The funny thing is when you are sitting there at the crack of dawn, barely able to see, sometimes the ducks will fly right overhead, just mocking you as you have to wait for shooting hours to officially begin. A lesson in patience, for sure.
Playing by the Rules
As a rookie duck hunter, my friend had to walk me through some of the rules. “There is a six-man limit,” he told me. Meaning, that during the course of our hunt, we could only shoot six ducks per man. This six-man limit may not sound like much of a limitation when the ducks aren’t flying… but on the good days… six ducks per man can potentially happen before the sun rises and breakfast is served. That’s a good morning!
One of the most comical parts of duck hunting is the claiming of the ducks. Just imagine the scene where two ducks fly in, four men shoot, and then the chatter of who actually shot the duck begins. There is always that one friend, the one who claims every trophy and every duck. Only two ducks may have flown in, but he claims to have shot both and another one that no one else saw. Duck hunters and investors aren’t too dissimilar, their story of their “greatest catch” gets embellished more and more as they continue to tell the tale.

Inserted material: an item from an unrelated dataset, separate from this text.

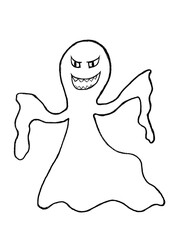 Black contours of a ghost with evil eyes and a wide smile with sharp teeth on a white background with arms spread to the sides, close-up. Character for drawing. Halloween. Digital illustration.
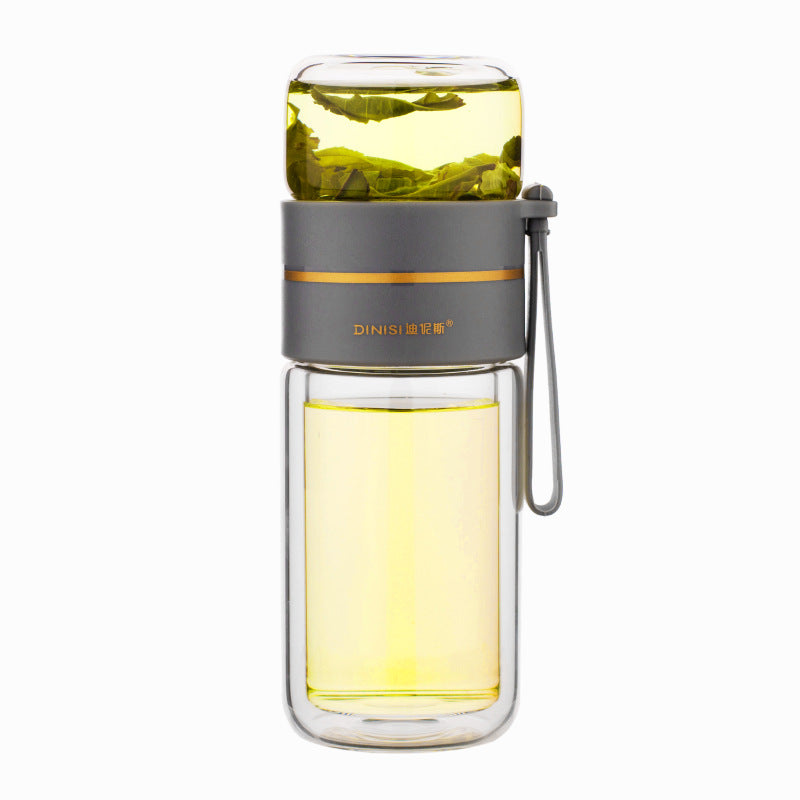 ZenVista | Double-Wall Glass Tea Infuser Bottle - Nukindz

So, what does all this have to do with taxes?
We All Have Our Limits
Just like the limits I experienced as a duck hunter, the amount of income/gains we are able to keep as investors are also limited. At times, you can be a victim of your own success, especially if you are a high earner. My colleague Blaine Carver recently wrote a Thoughts on Money titled, Financial Aerodynamics which hit on some key concepts for eliminating tax drag. I thought I would dive deeper into one of the concepts he mentioned: municipal bonds.
The Whole Enchilada
The subject of after-tax returns is rarely a topic of discussion. Yet, this is what you actually keep. With a six-man limit, a professional hunter and a rookie (like myself) can very well walk away with the same spoils on any given day. Again, it’s all about what you keep.
With municipal bonds, investors have the opportunity to receive income that is potentially federal and state tax-free. This means you get to keep the whole enchilada – all of it!

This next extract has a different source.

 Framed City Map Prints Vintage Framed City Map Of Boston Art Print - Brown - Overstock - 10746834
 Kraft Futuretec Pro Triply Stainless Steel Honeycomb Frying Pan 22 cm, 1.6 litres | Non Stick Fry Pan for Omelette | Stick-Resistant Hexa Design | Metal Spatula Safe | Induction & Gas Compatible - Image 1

This is a classic case of there is more than meets the eye when it comes to the yield someone sees from an investment. Often, improving tax efficiency can be the lowest hanging fruit for improving on what you keep.
Running the Numbers…
If someone’s marginal tax rate – the tax paid on the next dollar earned – is in the highest federal bracket (37%) and they are evaluating two bonds, how do you know which one to choose? Let’s imagine the options are a municipal bond paying 5% or a corporate bond paying 7.5%.
Here’s the formula to help us find the best solution:
Tax Free Yield / (1-Marginal Tax Rate)
That is 5 divided by 0.63, which equals 7.94%. This means that my taxable bond would need to yield nearly 8% to make the what-I-keep amount the same. In this case, the municipal bond at a lower yield is MORE attractive than the higher-yielding taxable bond.

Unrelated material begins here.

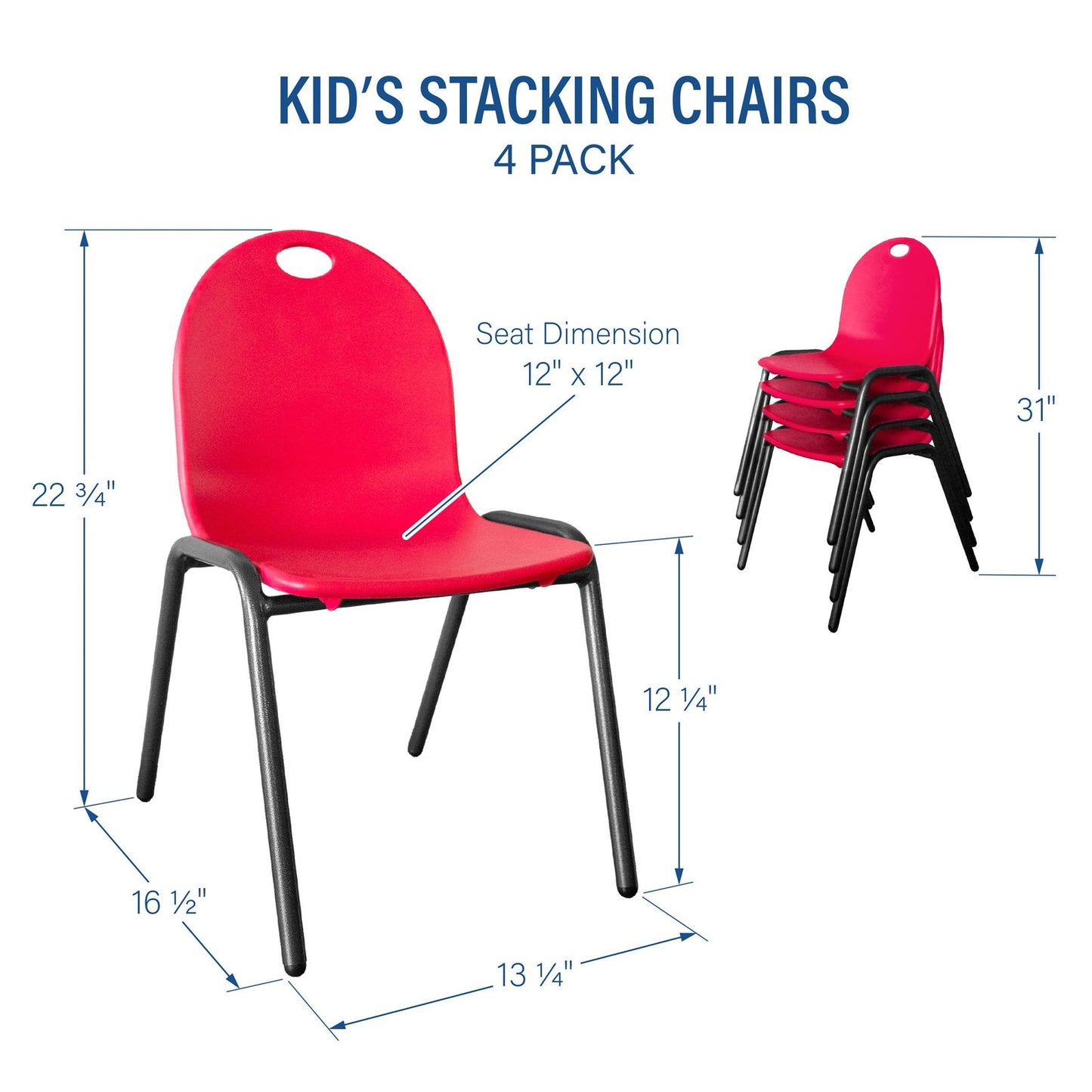 Kid’s Stacking Chairs-4 Pack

You can imagine the difference this makes as we increase the dollar amounts invested and time periods. A marginal difference compounds over time to make a significant difference in what you keep in the long run. Note that including a state tax figure for a resident of a high-tax state (e.g., California, New York, etc.) would just amplify the benefits even further.
As a high-income earner, there are only so many levers that you can pull that will allow your tax situation to improve from year to year, and this may be one to consider.
Having a Guide
I appreciate this wisdom from David Bahnsen, “Never let the tax tail wag the investment dog.” Essentially, reminding us that gains in a portfolio are a great thing and that fulfilling the needs of your financial plan should be the north star when it comes to navigating your financial plans from year to year.
Said another way, taxes aren’t everything, but they are something. Again, managing to what you keep is important and often overlooked.
Going back to my time in the duck-blind, there are a few things that I was thankful for. At times, you will have a guide who calls the ducks in close, helps determine when the optimal time is to shoot, and, if you’re really lucky – a dog to jump out and go retrieve the ducks. All the while you are sitting back and spending good quality time with friends or family.
This is not dissimilar to what an experience could be like with a wealth management team. Whether you are preparing for retirement or deciding between taxable and non-taxable bonds, you can have someone helping to guide you.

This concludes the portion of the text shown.